ALTER PROCEDURE [dbo].[spOP_SearchDashboard]
#advisers varchar(1000),
#outlets varchar(1000),
#searchText varchar(1000)
AS
BEGIN
-- SET NOCOUNT ON added to prevent extra result sets from
-- interfering with SELECT statements.
SET NOCOUNT ON;
-- Set the prefixes to search for (firstname, surname, suburb, policy number)
DECLARE #splitSearchText varchar(1000)
SET #splitSearchText = REPLACE(#searchText, ' ', ',')

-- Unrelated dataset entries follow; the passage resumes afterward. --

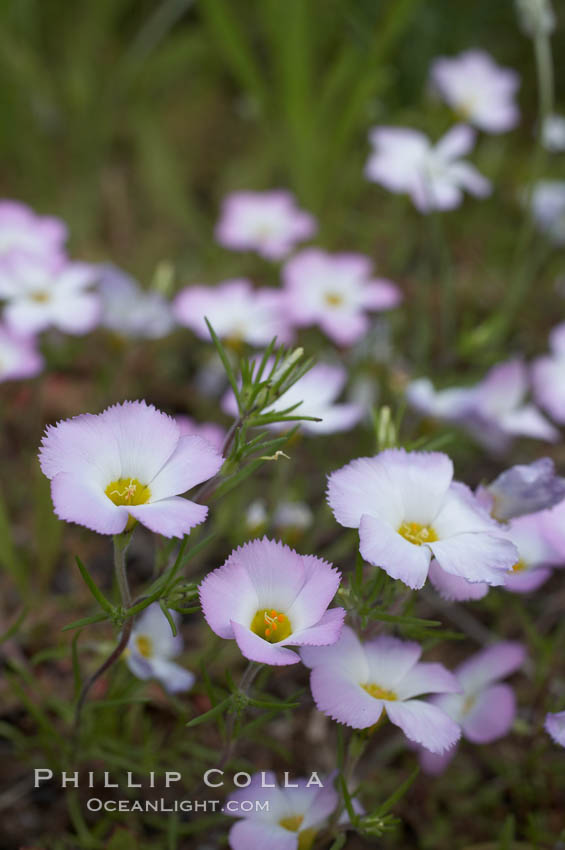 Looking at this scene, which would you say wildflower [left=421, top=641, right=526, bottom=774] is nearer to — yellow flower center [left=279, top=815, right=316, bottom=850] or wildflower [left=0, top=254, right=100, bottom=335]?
yellow flower center [left=279, top=815, right=316, bottom=850]

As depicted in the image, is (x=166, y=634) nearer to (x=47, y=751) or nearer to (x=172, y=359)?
(x=47, y=751)

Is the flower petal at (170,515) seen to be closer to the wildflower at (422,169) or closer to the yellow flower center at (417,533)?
the yellow flower center at (417,533)

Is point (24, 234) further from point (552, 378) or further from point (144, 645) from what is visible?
point (552, 378)

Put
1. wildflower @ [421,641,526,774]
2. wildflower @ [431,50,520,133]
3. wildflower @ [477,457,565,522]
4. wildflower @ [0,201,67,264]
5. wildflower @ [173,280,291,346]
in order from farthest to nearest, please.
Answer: wildflower @ [431,50,520,133] < wildflower @ [0,201,67,264] < wildflower @ [173,280,291,346] < wildflower @ [421,641,526,774] < wildflower @ [477,457,565,522]

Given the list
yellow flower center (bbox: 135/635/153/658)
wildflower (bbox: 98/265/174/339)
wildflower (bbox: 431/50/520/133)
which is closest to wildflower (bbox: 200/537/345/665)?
yellow flower center (bbox: 135/635/153/658)

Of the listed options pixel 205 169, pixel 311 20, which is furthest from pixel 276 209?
pixel 205 169

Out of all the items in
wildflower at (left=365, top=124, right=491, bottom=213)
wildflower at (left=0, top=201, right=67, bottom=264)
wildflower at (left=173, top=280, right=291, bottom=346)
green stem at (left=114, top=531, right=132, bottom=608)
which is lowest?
green stem at (left=114, top=531, right=132, bottom=608)

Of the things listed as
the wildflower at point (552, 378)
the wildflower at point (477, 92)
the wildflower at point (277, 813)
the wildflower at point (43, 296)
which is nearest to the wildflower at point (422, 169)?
the wildflower at point (477, 92) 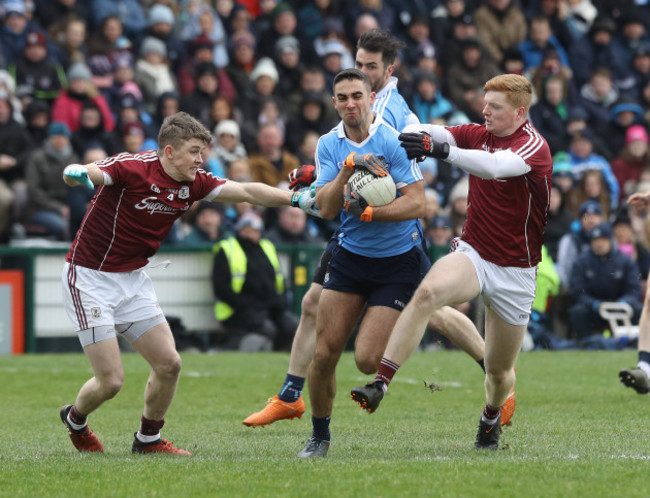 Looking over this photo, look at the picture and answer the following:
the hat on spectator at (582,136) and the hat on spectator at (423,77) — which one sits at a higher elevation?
the hat on spectator at (423,77)

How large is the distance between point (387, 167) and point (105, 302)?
2088 millimetres

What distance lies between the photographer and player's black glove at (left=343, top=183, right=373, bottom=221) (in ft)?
26.2

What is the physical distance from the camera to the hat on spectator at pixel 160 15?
60.6ft

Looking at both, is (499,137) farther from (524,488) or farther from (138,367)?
(138,367)

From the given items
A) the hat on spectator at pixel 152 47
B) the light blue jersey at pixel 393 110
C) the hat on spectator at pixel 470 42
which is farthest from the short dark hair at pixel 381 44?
the hat on spectator at pixel 470 42

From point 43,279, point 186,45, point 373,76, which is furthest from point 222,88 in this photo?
point 373,76

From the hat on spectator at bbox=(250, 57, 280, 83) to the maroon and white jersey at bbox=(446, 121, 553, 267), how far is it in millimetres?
10927

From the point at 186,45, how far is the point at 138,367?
6.28 m

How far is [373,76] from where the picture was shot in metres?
9.45

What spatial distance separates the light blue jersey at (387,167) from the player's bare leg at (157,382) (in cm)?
138

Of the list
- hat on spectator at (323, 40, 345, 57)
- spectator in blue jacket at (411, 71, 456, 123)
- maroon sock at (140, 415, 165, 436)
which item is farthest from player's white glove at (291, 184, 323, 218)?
hat on spectator at (323, 40, 345, 57)

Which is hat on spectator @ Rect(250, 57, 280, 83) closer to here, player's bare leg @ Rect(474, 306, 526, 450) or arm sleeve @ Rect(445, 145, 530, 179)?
player's bare leg @ Rect(474, 306, 526, 450)

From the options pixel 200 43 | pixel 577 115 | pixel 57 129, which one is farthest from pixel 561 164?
pixel 57 129

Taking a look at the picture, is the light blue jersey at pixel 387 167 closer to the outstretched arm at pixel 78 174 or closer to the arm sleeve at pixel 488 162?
the arm sleeve at pixel 488 162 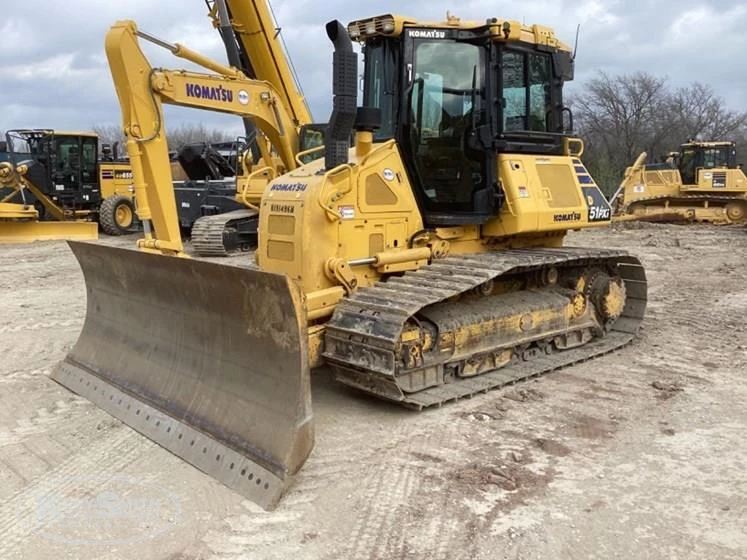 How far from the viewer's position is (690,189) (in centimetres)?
2045

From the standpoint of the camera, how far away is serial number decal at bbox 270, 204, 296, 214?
5422 millimetres

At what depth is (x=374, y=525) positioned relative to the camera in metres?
3.53

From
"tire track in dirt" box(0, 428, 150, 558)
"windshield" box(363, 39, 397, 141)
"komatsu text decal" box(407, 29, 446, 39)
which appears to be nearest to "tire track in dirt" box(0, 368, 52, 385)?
"tire track in dirt" box(0, 428, 150, 558)

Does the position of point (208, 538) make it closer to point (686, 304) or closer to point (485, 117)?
point (485, 117)

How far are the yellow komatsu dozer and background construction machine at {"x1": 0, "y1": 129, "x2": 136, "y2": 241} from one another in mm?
29

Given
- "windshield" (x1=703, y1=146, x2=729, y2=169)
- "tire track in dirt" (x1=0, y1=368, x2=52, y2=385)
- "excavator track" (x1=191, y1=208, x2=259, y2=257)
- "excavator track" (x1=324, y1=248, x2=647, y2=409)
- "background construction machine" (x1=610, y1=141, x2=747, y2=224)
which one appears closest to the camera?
"excavator track" (x1=324, y1=248, x2=647, y2=409)

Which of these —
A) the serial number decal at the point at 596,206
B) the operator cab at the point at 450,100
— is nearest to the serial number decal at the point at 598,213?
the serial number decal at the point at 596,206

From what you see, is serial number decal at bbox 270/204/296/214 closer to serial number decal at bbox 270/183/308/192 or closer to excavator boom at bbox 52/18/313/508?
serial number decal at bbox 270/183/308/192

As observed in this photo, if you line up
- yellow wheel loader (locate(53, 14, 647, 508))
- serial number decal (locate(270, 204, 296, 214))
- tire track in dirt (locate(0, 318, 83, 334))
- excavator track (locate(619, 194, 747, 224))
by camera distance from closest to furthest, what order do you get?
yellow wheel loader (locate(53, 14, 647, 508)) < serial number decal (locate(270, 204, 296, 214)) < tire track in dirt (locate(0, 318, 83, 334)) < excavator track (locate(619, 194, 747, 224))

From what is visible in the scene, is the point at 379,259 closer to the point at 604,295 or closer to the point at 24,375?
the point at 604,295

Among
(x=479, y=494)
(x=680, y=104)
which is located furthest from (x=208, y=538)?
(x=680, y=104)

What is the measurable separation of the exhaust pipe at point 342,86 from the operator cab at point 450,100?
0.74m

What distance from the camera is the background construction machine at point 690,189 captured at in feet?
65.9

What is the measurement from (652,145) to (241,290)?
43670 millimetres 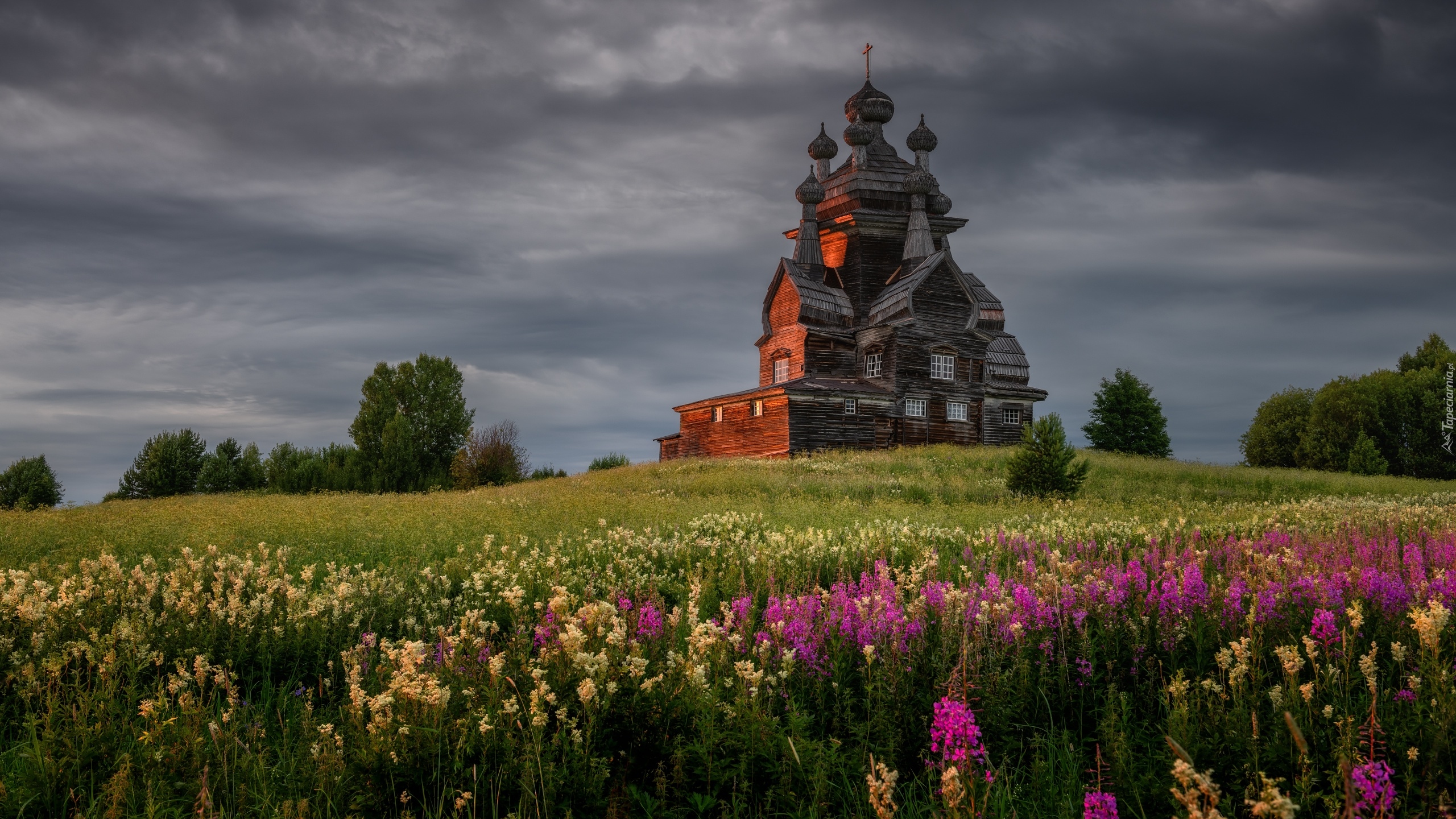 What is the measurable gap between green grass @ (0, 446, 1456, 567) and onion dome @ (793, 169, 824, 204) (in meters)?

DECLARE #AdvisersListing TABLE
(
adviser varchar(200)
)
DECLARE #SearchParts TABLE
(
prefix varchar(200)
)
DECLARE #OutletListing TABLE
(
outlet varchar(200)
)
INSERT INTO #AdvisersListing(adviser)
SELECT part as adviser FROM SplitString (#advisers, ',')
INSERT INTO #SearchParts(prefix)
SELECT part as prefix FROM SplitString (#splitSearchText, ',')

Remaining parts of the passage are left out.